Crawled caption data
******************************
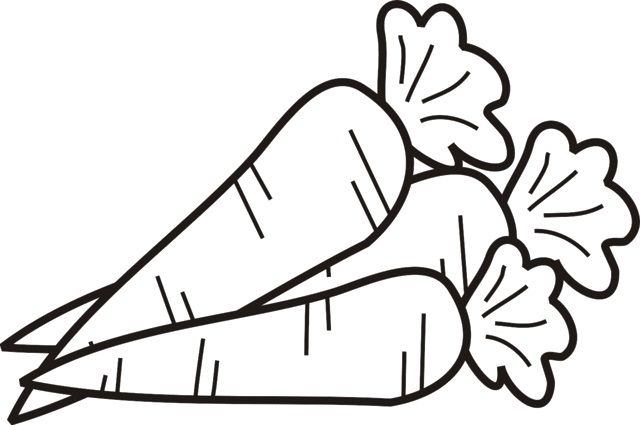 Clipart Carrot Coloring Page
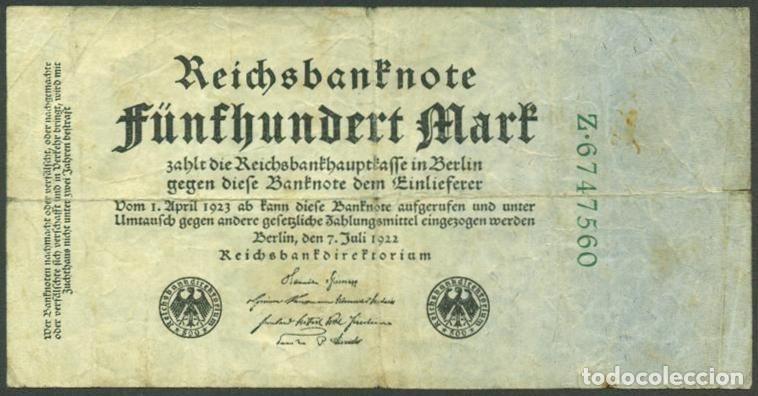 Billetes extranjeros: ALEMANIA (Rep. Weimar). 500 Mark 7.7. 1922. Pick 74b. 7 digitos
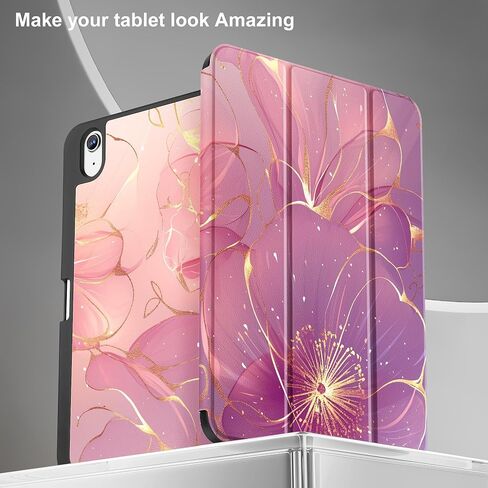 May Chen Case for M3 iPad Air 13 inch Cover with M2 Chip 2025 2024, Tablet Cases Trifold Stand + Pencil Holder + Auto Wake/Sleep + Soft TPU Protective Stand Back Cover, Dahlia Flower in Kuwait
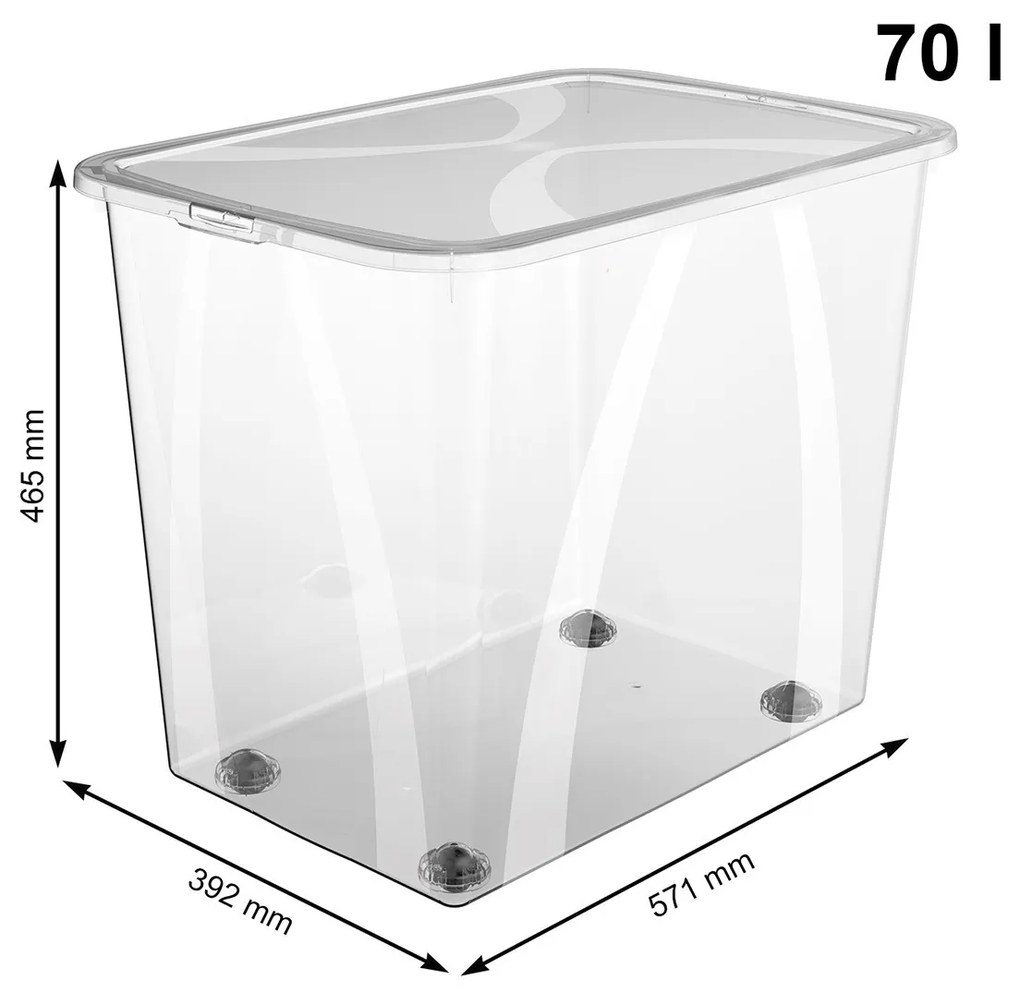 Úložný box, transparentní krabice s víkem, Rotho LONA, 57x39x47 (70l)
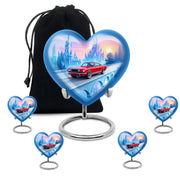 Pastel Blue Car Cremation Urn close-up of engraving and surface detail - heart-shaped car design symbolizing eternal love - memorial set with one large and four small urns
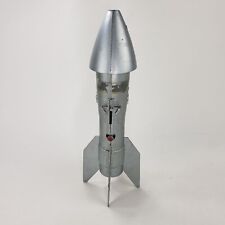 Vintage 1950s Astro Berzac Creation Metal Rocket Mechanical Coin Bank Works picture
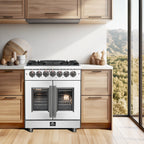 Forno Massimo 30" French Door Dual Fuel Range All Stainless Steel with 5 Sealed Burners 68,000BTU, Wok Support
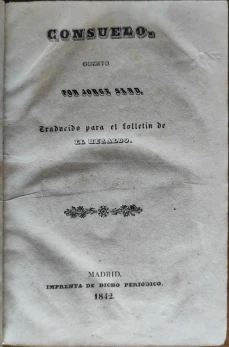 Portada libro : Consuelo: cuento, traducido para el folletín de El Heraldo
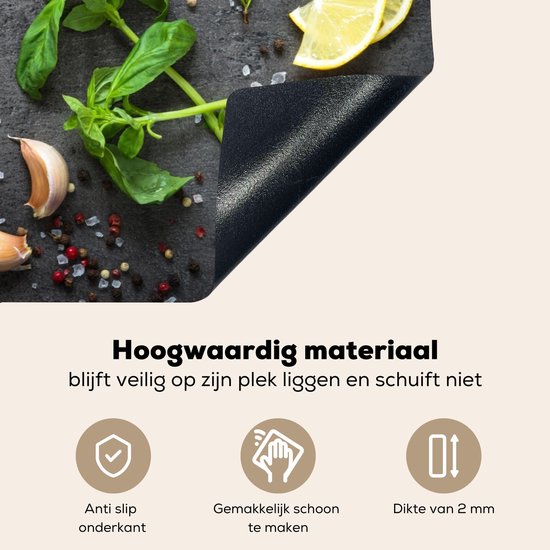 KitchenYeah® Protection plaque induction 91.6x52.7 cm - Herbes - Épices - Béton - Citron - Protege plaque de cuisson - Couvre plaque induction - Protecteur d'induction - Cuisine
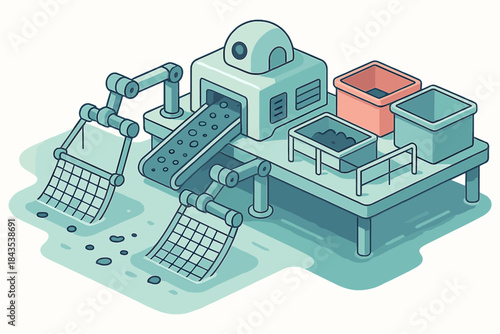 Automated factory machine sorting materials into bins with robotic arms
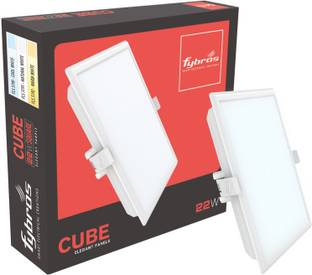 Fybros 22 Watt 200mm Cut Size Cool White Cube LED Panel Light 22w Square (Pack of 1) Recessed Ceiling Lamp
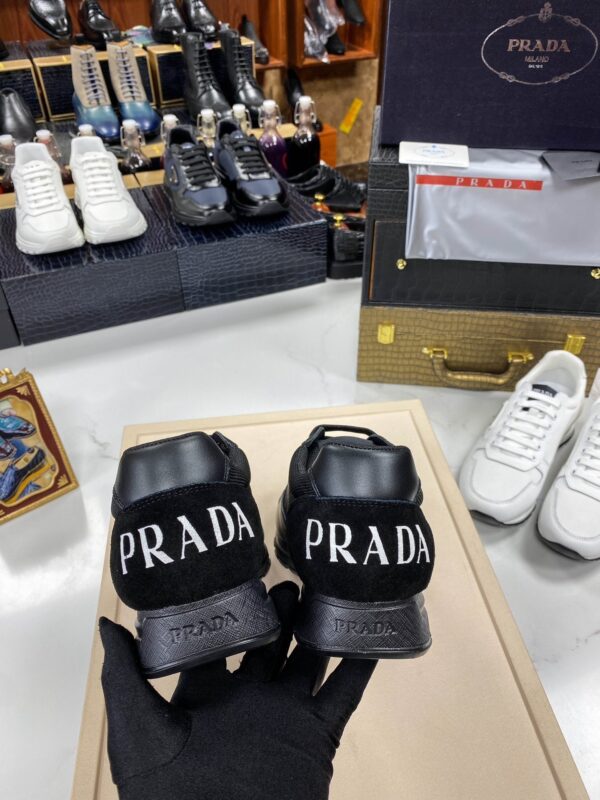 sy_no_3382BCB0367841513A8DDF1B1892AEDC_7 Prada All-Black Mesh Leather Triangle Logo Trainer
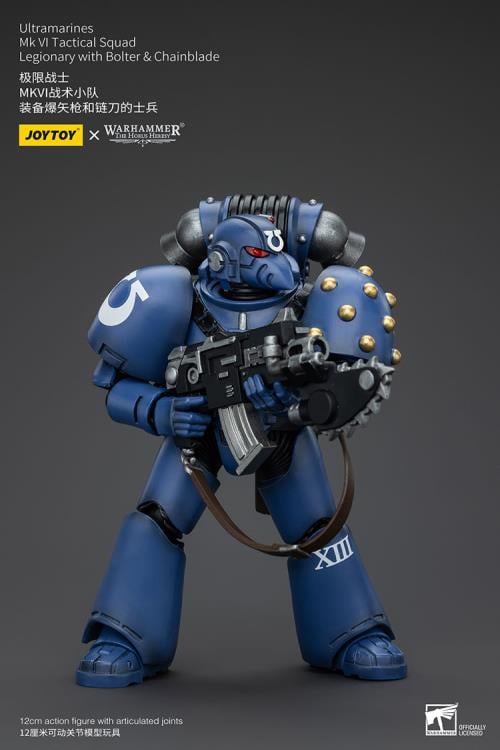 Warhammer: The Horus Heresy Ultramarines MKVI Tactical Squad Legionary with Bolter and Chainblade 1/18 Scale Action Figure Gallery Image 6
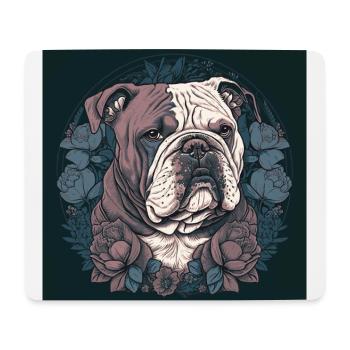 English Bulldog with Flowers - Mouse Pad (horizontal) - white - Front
******************************
## What you will do
Work from the entries above. Set down exactly and only the lines from the line with "Automated factory machine" to the line with "Warhammer: The Horus", both included, and leave the pictures out.

## Answer section
 Automated factory machine sorting materials into bins with robotic arms
 Fybros 22 Watt 200mm Cut Size Cool White Cube LED Panel Light 22w Square (Pack of 1) Recessed Ceiling Lamp
 sy_no_3382BCB0367841513A8DDF1B1892AEDC_7 Prada All-Black Mesh Leather Triangle Logo Trainer
 Warhammer: The Horus Heresy Ultramarines MKVI Tactical Squad Legionary with Bolter and Chainblade 1/18 Scale Action Figure Gallery Image 6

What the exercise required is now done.